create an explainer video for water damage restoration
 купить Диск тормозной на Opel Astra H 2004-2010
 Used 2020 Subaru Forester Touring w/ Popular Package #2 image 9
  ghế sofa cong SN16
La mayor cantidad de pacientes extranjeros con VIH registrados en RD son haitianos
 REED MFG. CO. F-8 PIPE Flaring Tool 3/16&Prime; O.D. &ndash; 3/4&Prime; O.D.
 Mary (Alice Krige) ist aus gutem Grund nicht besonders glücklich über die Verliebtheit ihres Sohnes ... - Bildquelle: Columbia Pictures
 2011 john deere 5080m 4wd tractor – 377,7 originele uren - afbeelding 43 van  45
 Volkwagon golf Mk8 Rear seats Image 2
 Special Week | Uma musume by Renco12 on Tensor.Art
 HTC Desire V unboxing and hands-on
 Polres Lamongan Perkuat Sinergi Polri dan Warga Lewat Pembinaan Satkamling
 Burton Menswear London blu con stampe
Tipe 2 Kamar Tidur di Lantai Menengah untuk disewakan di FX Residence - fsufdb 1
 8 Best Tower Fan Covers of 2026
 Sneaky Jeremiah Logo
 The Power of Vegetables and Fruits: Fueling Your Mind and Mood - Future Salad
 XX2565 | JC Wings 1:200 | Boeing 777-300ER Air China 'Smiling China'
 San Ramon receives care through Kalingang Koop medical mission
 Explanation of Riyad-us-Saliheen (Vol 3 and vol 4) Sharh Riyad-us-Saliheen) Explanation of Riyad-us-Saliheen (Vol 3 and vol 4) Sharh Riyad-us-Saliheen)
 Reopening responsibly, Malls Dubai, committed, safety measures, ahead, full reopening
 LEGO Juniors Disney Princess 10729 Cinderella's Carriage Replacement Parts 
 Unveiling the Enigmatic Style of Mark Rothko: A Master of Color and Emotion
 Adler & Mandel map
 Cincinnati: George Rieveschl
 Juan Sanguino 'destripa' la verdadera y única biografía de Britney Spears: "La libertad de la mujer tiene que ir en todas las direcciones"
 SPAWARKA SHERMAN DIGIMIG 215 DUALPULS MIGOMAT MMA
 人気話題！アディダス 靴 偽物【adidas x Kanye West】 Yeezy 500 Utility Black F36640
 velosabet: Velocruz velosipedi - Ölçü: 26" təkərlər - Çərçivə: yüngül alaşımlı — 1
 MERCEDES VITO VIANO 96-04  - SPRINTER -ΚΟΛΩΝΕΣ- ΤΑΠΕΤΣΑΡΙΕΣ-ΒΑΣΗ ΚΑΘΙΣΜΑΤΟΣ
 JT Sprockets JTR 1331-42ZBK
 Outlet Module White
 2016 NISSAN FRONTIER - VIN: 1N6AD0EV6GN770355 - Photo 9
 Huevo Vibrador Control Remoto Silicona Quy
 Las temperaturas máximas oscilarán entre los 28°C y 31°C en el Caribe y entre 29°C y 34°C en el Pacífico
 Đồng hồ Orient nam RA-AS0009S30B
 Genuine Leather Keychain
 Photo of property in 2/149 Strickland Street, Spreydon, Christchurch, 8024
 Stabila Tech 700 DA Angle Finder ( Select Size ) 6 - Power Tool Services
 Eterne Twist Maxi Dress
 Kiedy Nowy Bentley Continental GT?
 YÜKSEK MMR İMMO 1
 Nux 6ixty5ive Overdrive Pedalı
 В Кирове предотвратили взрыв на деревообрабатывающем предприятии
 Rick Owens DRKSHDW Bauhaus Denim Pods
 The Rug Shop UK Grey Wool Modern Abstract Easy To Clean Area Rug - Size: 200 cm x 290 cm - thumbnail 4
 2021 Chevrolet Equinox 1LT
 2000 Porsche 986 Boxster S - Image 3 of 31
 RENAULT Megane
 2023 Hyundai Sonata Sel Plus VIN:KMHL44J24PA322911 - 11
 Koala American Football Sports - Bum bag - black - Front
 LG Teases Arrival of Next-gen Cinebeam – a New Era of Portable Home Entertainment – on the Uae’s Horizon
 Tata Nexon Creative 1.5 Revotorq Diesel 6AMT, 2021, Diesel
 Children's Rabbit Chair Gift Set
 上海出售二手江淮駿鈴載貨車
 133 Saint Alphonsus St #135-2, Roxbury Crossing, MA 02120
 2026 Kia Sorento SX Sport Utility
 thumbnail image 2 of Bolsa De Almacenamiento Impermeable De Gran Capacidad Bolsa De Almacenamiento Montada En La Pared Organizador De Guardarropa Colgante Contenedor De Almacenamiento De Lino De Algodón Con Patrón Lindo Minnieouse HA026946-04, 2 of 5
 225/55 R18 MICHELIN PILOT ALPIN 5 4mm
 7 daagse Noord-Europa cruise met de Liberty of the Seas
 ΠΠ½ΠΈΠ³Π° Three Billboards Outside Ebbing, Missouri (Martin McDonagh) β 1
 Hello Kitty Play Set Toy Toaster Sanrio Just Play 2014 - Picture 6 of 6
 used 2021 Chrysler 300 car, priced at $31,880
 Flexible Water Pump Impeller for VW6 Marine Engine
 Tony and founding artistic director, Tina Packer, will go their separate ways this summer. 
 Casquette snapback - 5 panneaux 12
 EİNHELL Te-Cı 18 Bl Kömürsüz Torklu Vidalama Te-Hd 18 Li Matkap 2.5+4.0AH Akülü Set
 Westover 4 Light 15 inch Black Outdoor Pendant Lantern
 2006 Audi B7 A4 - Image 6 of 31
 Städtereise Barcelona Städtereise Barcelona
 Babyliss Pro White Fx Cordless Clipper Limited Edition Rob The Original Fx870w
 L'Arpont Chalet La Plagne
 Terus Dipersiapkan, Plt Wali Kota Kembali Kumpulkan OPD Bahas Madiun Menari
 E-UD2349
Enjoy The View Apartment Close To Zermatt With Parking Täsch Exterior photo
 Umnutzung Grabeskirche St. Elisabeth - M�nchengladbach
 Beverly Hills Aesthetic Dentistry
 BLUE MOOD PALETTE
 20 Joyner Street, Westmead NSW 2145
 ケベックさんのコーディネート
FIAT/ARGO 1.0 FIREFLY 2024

EXERCISE DESCRIPTION: Could you set down, word for word, only the lines above from the line with "Polres Lamongan Perkuat" to the line with "Reopening responsibly, Malls", including both?

RESPONSE TO THE EXERCISE:
 Polres Lamongan Perkuat Sinergi Polri dan Warga Lewat Pembinaan Satkamling
 Burton Menswear London blu con stampe
Tipe 2 Kamar Tidur di Lantai Menengah untuk disewakan di FX Residence - fsufdb 1
 8 Best Tower Fan Covers of 2026
 Sneaky Jeremiah Logo
 The Power of Vegetables and Fruits: Fueling Your Mind and Mood - Future Salad
 XX2565 | JC Wings 1:200 | Boeing 777-300ER Air China 'Smiling China'
 San Ramon receives care through Kalingang Koop medical mission
 Explanation of Riyad-us-Saliheen (Vol 3 and vol 4) Sharh Riyad-us-Saliheen) Explanation of Riyad-us-Saliheen (Vol 3 and vol 4) Sharh Riyad-us-Saliheen)
 Reopening responsibly, Malls Dubai, committed, safety measures, ahead, full reopening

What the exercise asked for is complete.